WHAT THE EXERCISE ASKS
Reproduce verbatim the line containing "Fotografia d'epoca originale" and every line that follows it through the end of the entries below, omitting all pictures.

TASK MATERIAL
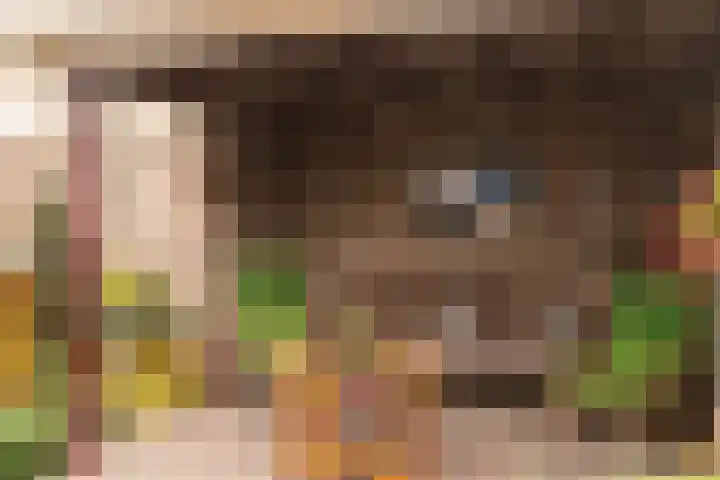 Debussylaan 19 Raamsdonksveer thumbnail 67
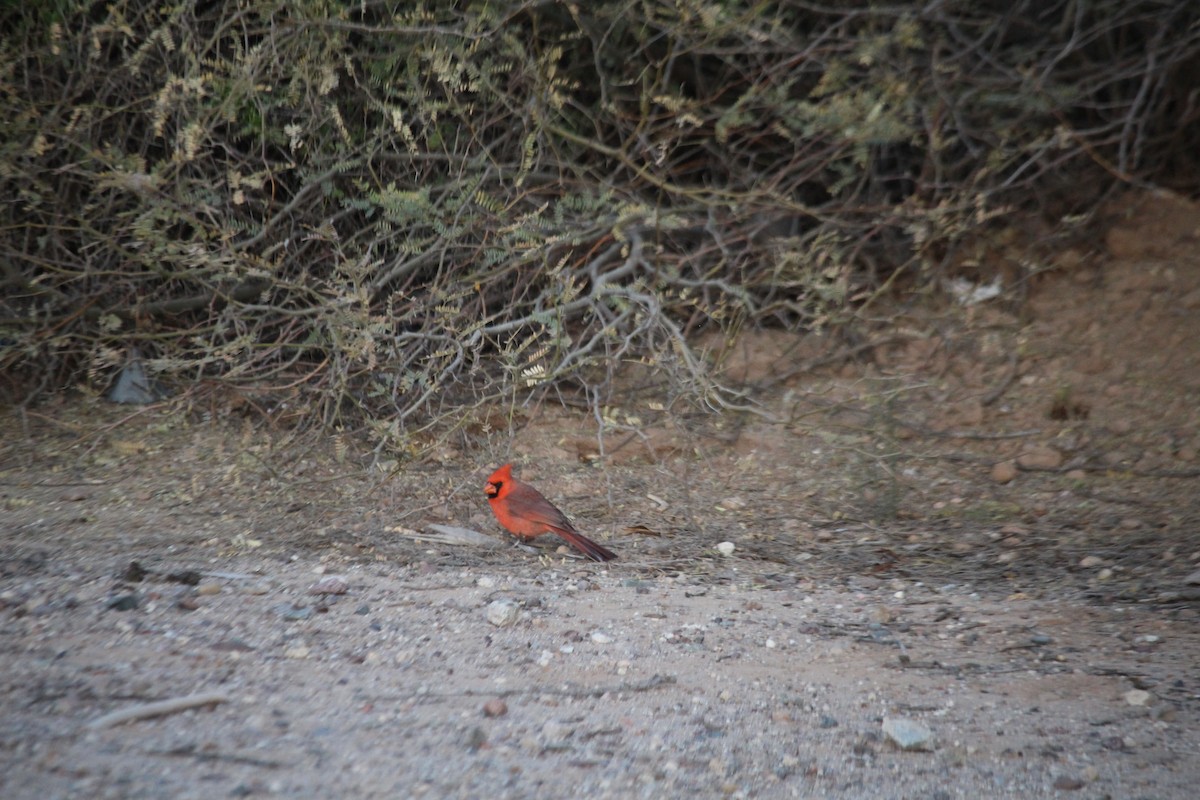 Northern Cardinal - ML647157854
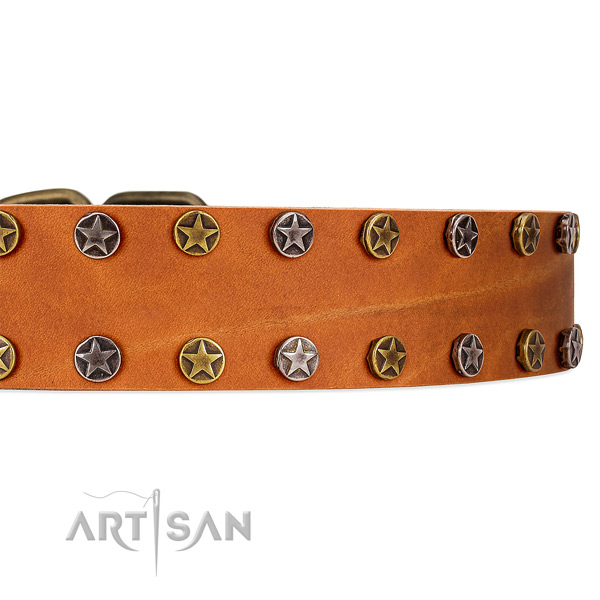 Perfectly Oiled Tan Leather Dog Collar with Stars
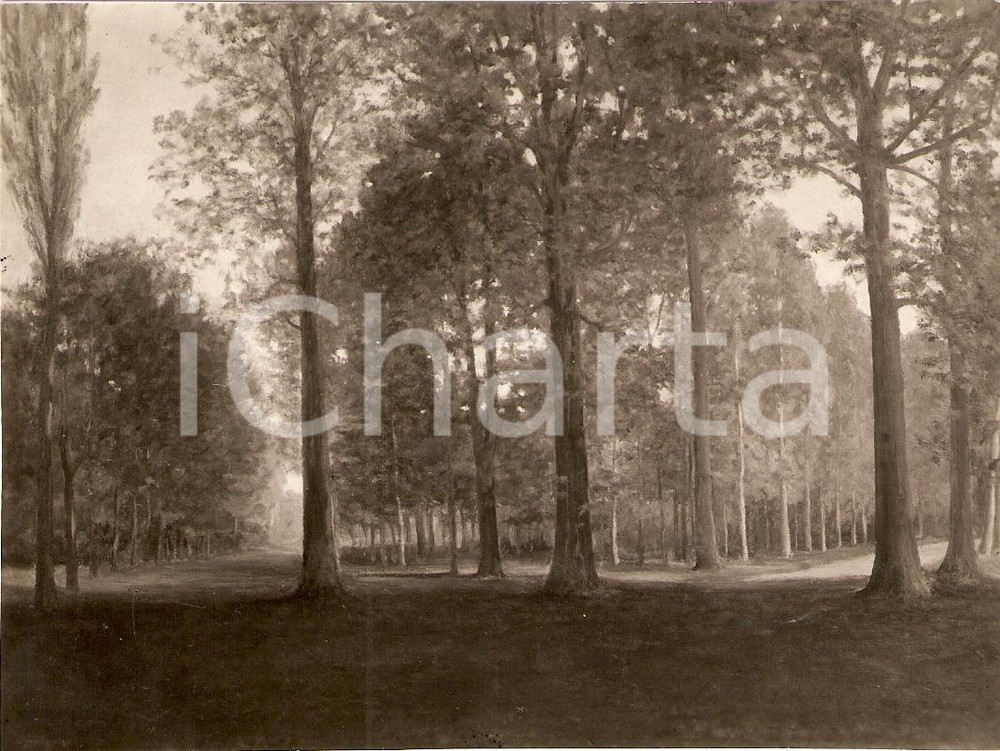 Fotografia d'epoca originale 1936 MONZA Mostra per l'illustrazione paesaggio BRIANZA 1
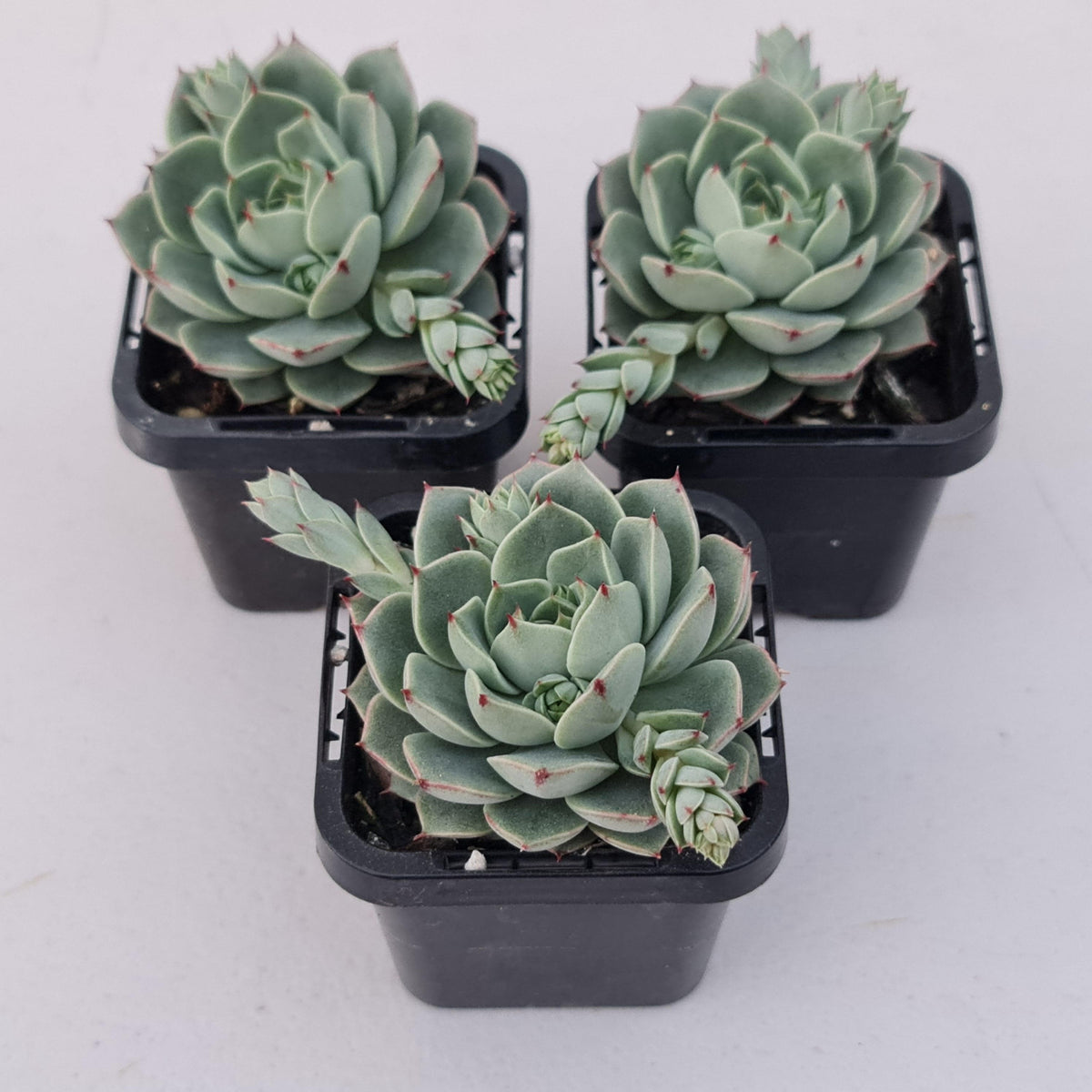 Echeveria 'Ben Badis' Hybrid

RESPONSE TO THIS TASK
 Fotografia d'epoca originale 1936 MONZA Mostra per l'illustrazione paesaggio BRIANZA 1
 Echeveria 'Ben Badis' Hybrid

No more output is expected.